United States District Court,
E.D. Louisiana.
B & S EQUIPMENT CO., INC.
v.
TRUCKLA SERVICES, INC., et al.
Civil Action Nos. 09–3862, 10–0832, 10–1168, 10–4592.
June 20, 2011.
Robert Seth Reich, Michael T. Wawrzycki, Reich, Album & Plunkett, LLC, Metairie, LA, for Plaintiff.
Kent B. Ryan, Andrew M. Stakelum, Stephen R. Remsberg, Lemle & Kelleher, LLP, New Orleans, LA, Brad M. Boudreaux, Keith L. Richardson, Daniel R. Atkinson, Jr., Perry, Atkinson, Balhoff, Mengis & Burns, LLC, Baton Rouge, LA, Anthony John Staines, Ashley E. Boyd, Corey Patrick Parenton, Craig Wren Brewer, Staines & Eppling, Metairie, LA, for Defendants.
ORDER
KAREN WELLS ROBY, United States Magistrate Judge.
Before the Court is a Motion to Compel (R. Doc. 228) filed by the Defendant, Travelers Casualty and Surety Company of America (“Travelers”) seeking an Order compelling the Plaintiff, B & S Equipment Company, Inc. to respond to its discovery requests.
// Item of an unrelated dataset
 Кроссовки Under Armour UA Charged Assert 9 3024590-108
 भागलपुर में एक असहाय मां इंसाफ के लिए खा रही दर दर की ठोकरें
B & S filed a response. (R. Doc. 232.) On May 17, 2011, Travelers filed a reply in support of its motion. (R. Doc. 245.) B & S filed a sur-reply. (R. Doc. 264.) This motion was set to be heard with oral argument on Wednesday, May 18, 2011. However, the parties moved for a continuance which was granted by the undersigned. Thereafter, the motion was heard with oral argument on Wednesday, May 25, 2011 .
I. Background
The instant action diversity action concerns various contract and insurance coverage disputes arising out of damaged equipment and barges used in a federal floor control project. In March 2009, Truckla Services, Inc. (“Truckla”) was awarded a government contract to build a revetment along the banks of the Upper Mississippi River in Cairo, Illinois. Specifically, the United States Army Corps of Engineers contracted with Truckla to transfer rocks from barges onto the bank of the river in an effort to prevent erosion. Thereafter, Truckla entered into two contracts with B & S to rent equipment and barges. The first contract was an oral bareboat barge charter for the use of two spud barges, the Dove 4 and KS 417. The second contract was a written equipment lease for the use of two B & S excavators, a Caterpillar 375L and a Caterpillar 385CL.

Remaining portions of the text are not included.